You may try( very carefully) to drill a hole and tap for a flat head screw and use the screw for the foot.:vs_bulb:


----------



## Sonya (Oct 20, 2016)

Depends on how much you love the old thing. If you really love it I would use glue and see how long it works, or just find a suitably sized little ceramic dish/nob and use that. If you drill something could go very wrong, especially if it is old. Can you tell if the rivets are aluminum or steel?

JMO.


----------



## Robie (Jun 2, 2016)

You can buy a new, 2 qt crock pot on Amazon for $12 with free shipping.

Or...epoxy a wooden foot back in place on the old one.


----------



## Targetshooter (Dec 4, 2015)

Robie has the way to go " epoxy " get the two part , full the crock up with water for weight when you put the foot back on to hold it in place .


----------



## Slippy (Nov 14, 2013)

Look no further Boss Dog, ole Slip done got your fix!

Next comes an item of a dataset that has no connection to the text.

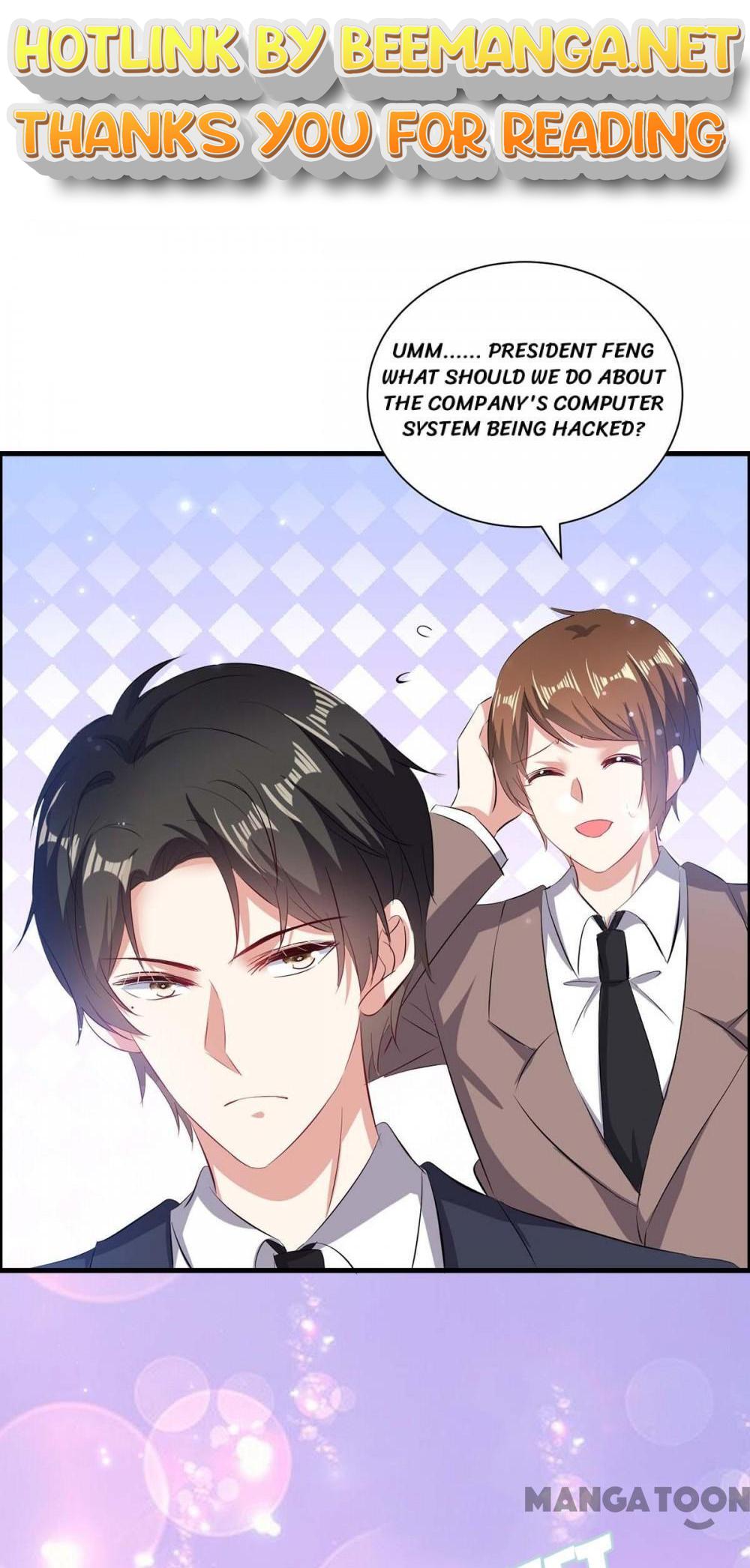 Genius cool treasure: President’s wife is too powerful Chapter 103 - page 1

JB Weld! I've used it on some items that get hot and its supposed to be able to handle 500 degree heat. Good luck

FAQs | J-B Weld



Boss Dog said:


> As the title implies. I have (apparently) an old crock-pot, small I think it's a 2 qt. Anyway the feet are riveted into the bottom of the case. The crock is permanent install and doesn't come out. You guessed it, I broke one the feet off. Now I'm, err... frugal and don't want to just go buy a new one. This pot works fine but wobbles. Any one here make a repair like this before?
> 
> If I just put rubber stick-on foot pads, I'm afraid it will be too hot for them and they'll either melt, or the glue will and they'll come off.
> 
> ...


----------



## Camel923 (Aug 13, 2014)

Slippy hit it with j and b weld. That stuff will hold almost anything.


----------



## sideKahr (Oct 15, 2014)

JB Weld should work for this repair. It's good stuff, but it isn't completely impervious to heat. I used it to build an alcohol stove, and it toasted to dust.


----------



## Boss Dog (Feb 8, 2013)

Thanks for all the replies. 

I've been doing a little research (because I'm cheap) and found that the intended temperature of most crock-pots is 209 degree's F. 
I dunno why they chose that particular temp. 

But, I also looked up Gorilla Glue at a friends suggestion and it is listed to be good up to 220 degree's F. 
Hm-m. Now gotta find a suitable replacement foot piece(s). I'll keep in mind the JB Weld. 
>
>
>
Crap, now I can't even find the crock-pot. lol, I'll be doing some digging this weekend. :vs_mad:


----------



## Targetshooter (Dec 4, 2015)

https://www.walmart.com/ip/Crock-Pot-5-Quart-Manual-Slow-Cooker/19633718

Here you go , on sale @ Walmart .


----------



## Maine-Marine (Mar 7, 2014)

I want a picture.... please


----------



## bigwheel (Sep 22, 2014)

Now I aint never had a bit of success with JB weld on anything I ever tried it for. Will testify Gorilla Glue is good for gluing back on the soles of wore out boots. I tried that and so far its working good. Might work on your deal. Seem to detect some strong emotional attchment to that wore out old crockpot. lol


----------



## Boss Dog (Feb 8, 2013)

Well, Boss Dog is all red faced now. I literally took everything out of the kitchen cabinets looking for this bugger. Finally got hold of the runaway daughter and asked her about it. She says, "really?, I threw that thing out a long time ago"! I told her I found one under there I didn't recognize and she said she picked it up at a yard sale around the same time she tossed the other. Well at least it has feet, and... the crock comes out of the base. It's an improvement. No JB or Gorilla glue needed now.

But I like fixing old stuff when I can and avoid buying something new to replace it just because. It's a personal vice (pride) I guess. I bought parts (on ebay) and fixed my old vacuum cleaner 3 times before the actual motor self-destructed and I tossed it out after 20 years of use, and even then I found a motor for it and was tempted to pull the trigger. But alas, a new vacuum sits in the corner now.


----------



## Targetshooter (Dec 4, 2015)

Another job well done by " Mr. Fix it " , good job . I am a " Mr. Fix it " to . If I can .


----------



## turbo6 (Jun 27, 2014)

JB weld is awesome. I just used some a few weeks ago to fix a tiny crack in my radiator. Good stuff.


----------